Day 93 - redefining myself to remaining introspective, part 2 - self forgiveness statements

I forgive myself that I've accepted and allowed myself to allow openings within my being, where I self abdicate self responsibility, meaning that I will use points within my world where I know that I require continueing taking self responsibility, or should start taking more self responsibility, but instead within these moments of being able to stand up, I instead fall for feeling and would rather for a moment make my own acceptances and allowances of lifelessness prevail.

I forgive myself that I've accepted and allowed myself to thus not realize that within these moments, I allowed my mind to decide where I require directing myself, and thus within this not having remained introspective in fact, and not having thus breathed through the point that might have been difficult or painful for a moment, but instead accepted and allowed myself to trust a feeling that clearly even within  these moments, knowing they will only last for that moment.
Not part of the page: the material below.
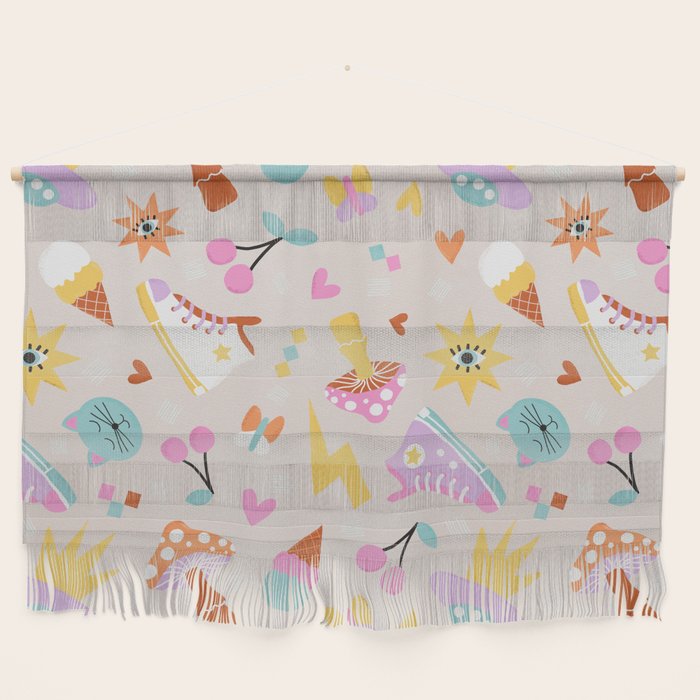 Pastel Nostalgic Doodles - Retro Teen Pattern Wall Hanging Gallery Image 1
In this I thus forgive myself that I've accepted and allowed myself to not realize that feelings are nothing but me creating a void of depending on someone/something outside of myself.

I forgive myself that I've accepted and allowed myself to allow such points of voids define me in and as my expression throughout my day, and thus where I will accept and allow myself to remain inconsiderate, and thus play games with other beings as to keep myself protected within my own inconsideration being exposed, just to fulfill self interests to kee myself fucked in these separations.

I forgive myself that I've accepted and allowed myself to not breath consistently within moments of incosiderate patterns within myself, as to assur I remain within that stance of being introspective, and always making it possible to change yself within that relationship I participated in within my mind before, and thus always remaining vigilant so to speak t always change these relationships within each moment I find a relationship that needs changing.

I forgive myself that I've accepted and allowed myself to try to protect my relationships in and as the mind, through constantly playing back chat in my mind towards every given event,where it plays out another person or thing outside of myself that can be there where I pretend and thus define myself to these people, to these this within my mind, to self abdicate remaining introspective and in and as breathing.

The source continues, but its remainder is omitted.